The images of Adam and Eve and the image of Christ the new Adam have been linked in art, literature, legend and liturgical traditions to hold together creation and redemption. To be sure, considering Christ as the new or second Adam is not the only way to understand and interpret what he did for us in his life, death and resurrection. But it is one way that has proved enduringly successful, from St. Paul down to John Henry Newman’s “Dream of Gerontius” (“A second Adam to the fight and to the rescue came”) and beyond. Generations of Christians have found here light and strength, and in three particular ways.
First, the Adam/Christ contrast vividly reminds us that we are saved not merely through divine power “from the outside.” By the loving kindness of God’s plan, we are also saved “from the inside,” through the incarnate Son of God, who is our brother. The two figures in Masaccio’s pitiless scene seem to have lost paradise forever. But they are on a path that leads to Christ, the second Adam who will heal and transform human destiny for all eternity.
Second, this contrast shows the deep link between the whole of creation, in which Adam and Eve are the high point and God’s intended stewards, and redemption. What Christ did for us in his glorious resurrection from the dead involves the whole created world and our stewardship for the earth. Eastern icons of Christ’s descent to the dead hint at this link. Huge rocks, which have been shattered to open Christ’s passage down into the “limbo of the Fathers,” suggest that the Easter transformation includes the whole world.
Third, Eastern icons depicting Christ’s meeting with Adam and Eve show large crowds of people standing behind them. In liberating and raising Adam and Eve, the second Adam raises all humanity. This way of representing Christ’s redemptive work differs dramatically from a familiar painting of the resurrection by Piero della Francesca to be found in San Sepolcro and acclaimed by Aldous Huxley as “the finest picture in the world.” The victorious Christ stands majestically alone above the prostrate soldiers. No one else is present. The Eastern icons do much better by introducing Adam, Eve and their companions to indicate vividly that the resurrection is not only an individual victory for Christ but also the saving event for all the world.

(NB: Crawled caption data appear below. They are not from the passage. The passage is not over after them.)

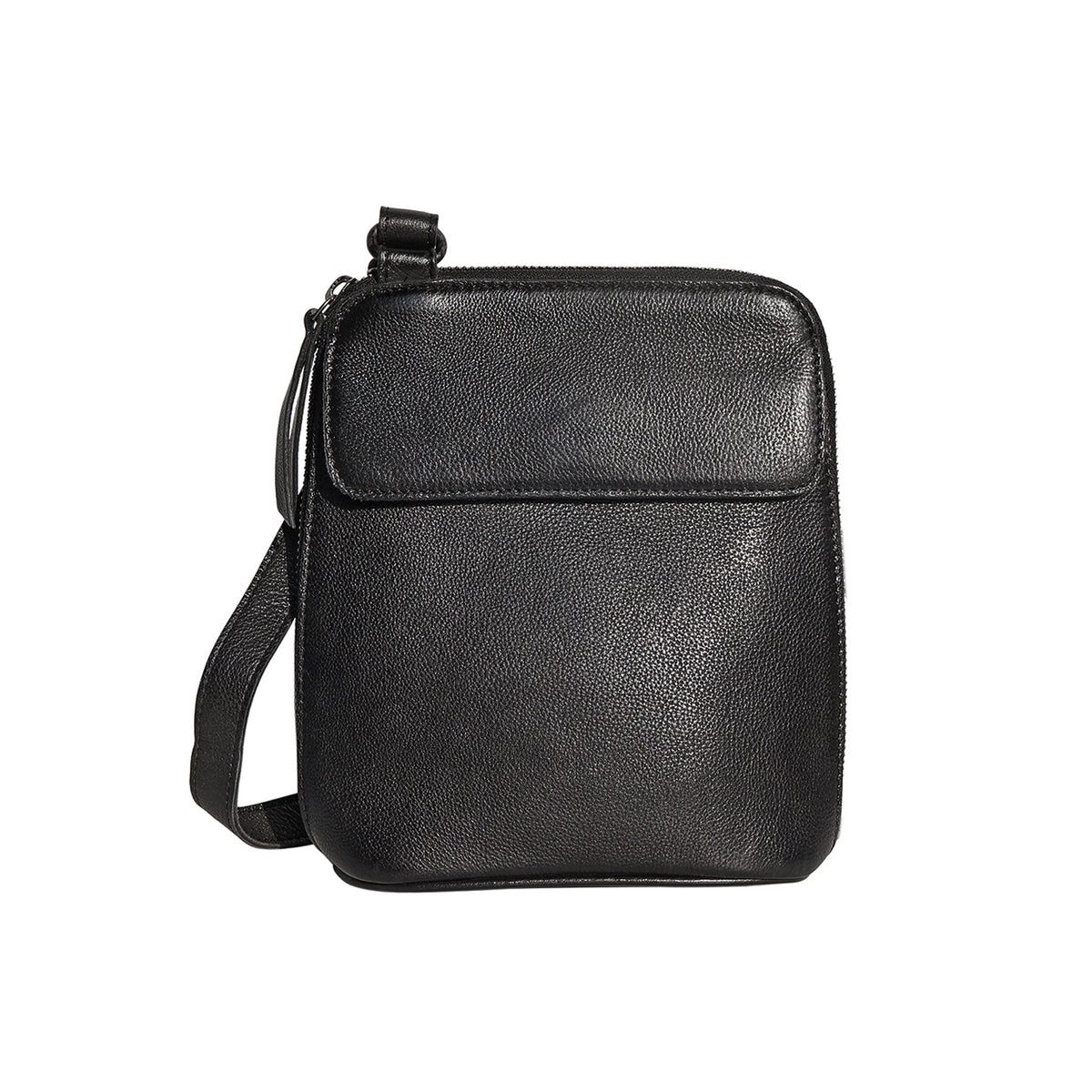 Lucy Leather Crossbody Bag - Black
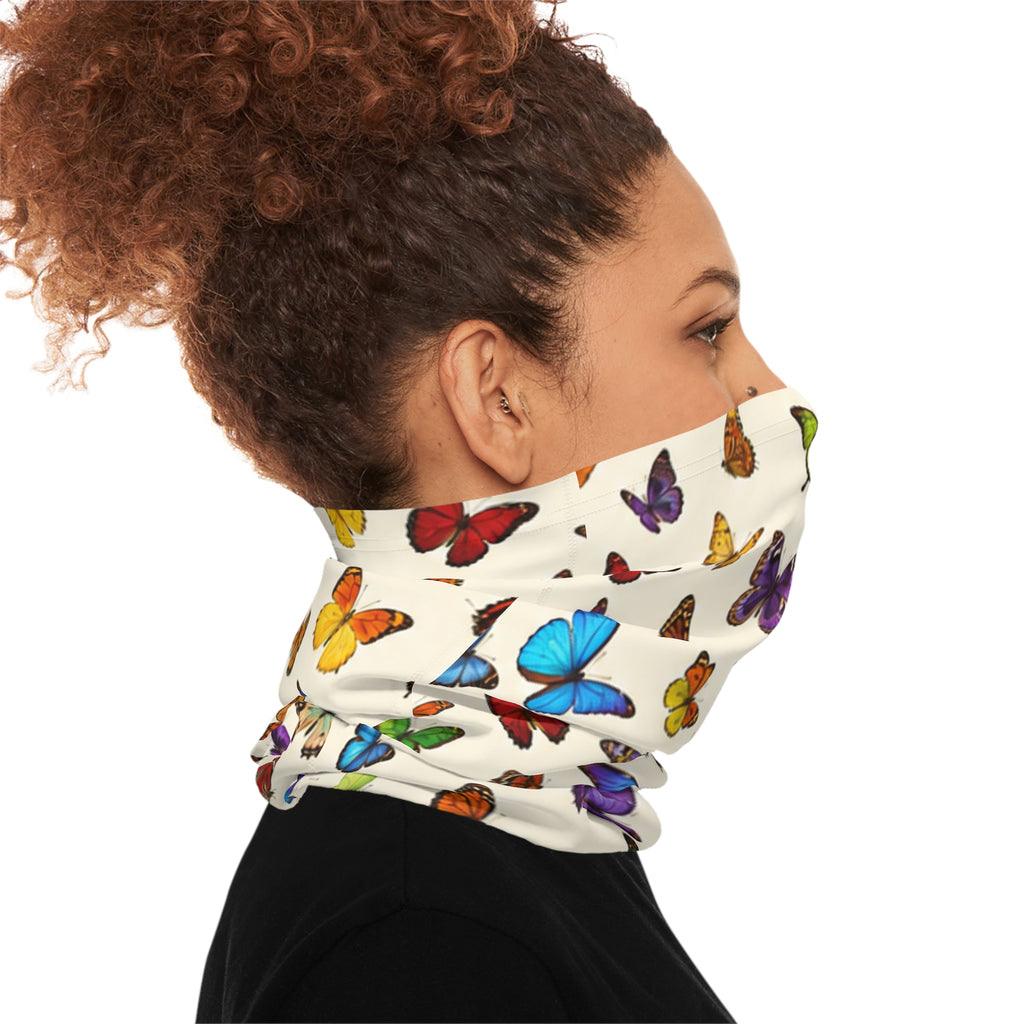Colorful Butterfly Field Neck Gaiter | Spring Floral Scarf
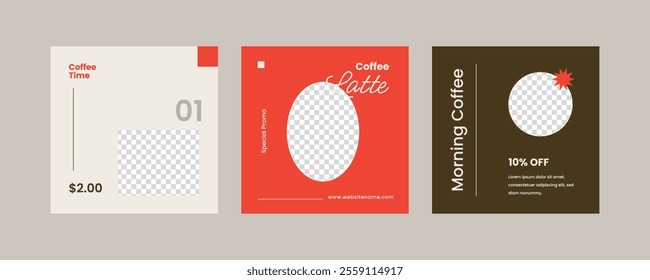 Coffee shop square banner template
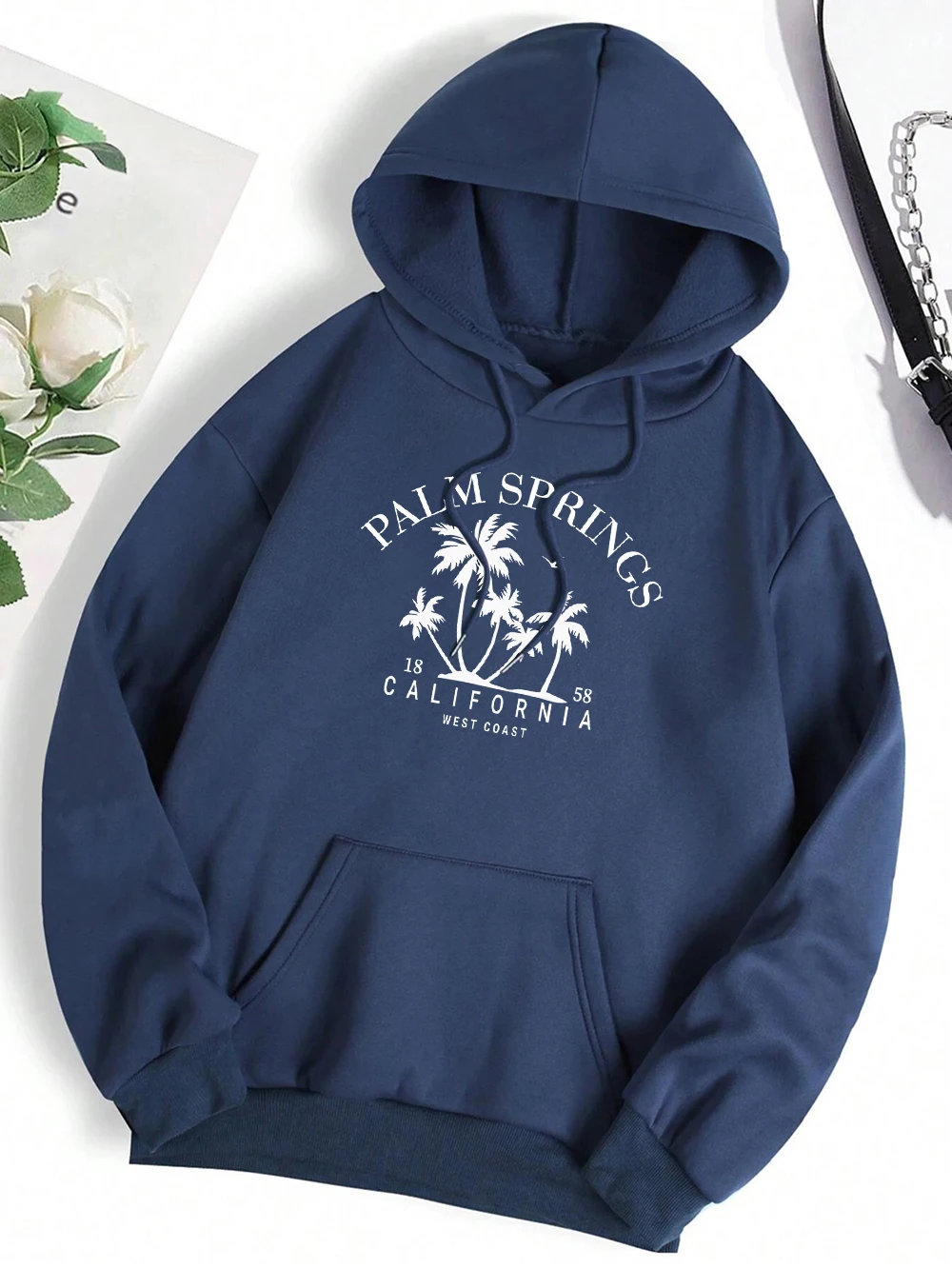 Palmen federn 1858 Kalifornien Westküste Streetwear Männer Frauen Fleece Hoodies Herbst Fleece Hoody Mode übergroße Kleidung Paar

Through the sequence of his frescoes Masaccio pointed Adam and Eve in the direction of Christ, the second Adam. He drove home the connection by placing diagonally opposite the tormented figures of Adam and Eve a scene of St. Peter baptizing a group of neophytes. The shame and loss of the fall into sin do not have the last word. Incorporation through baptism into the last Adam, now risen from the dead, brings the new life of present grace and future glory.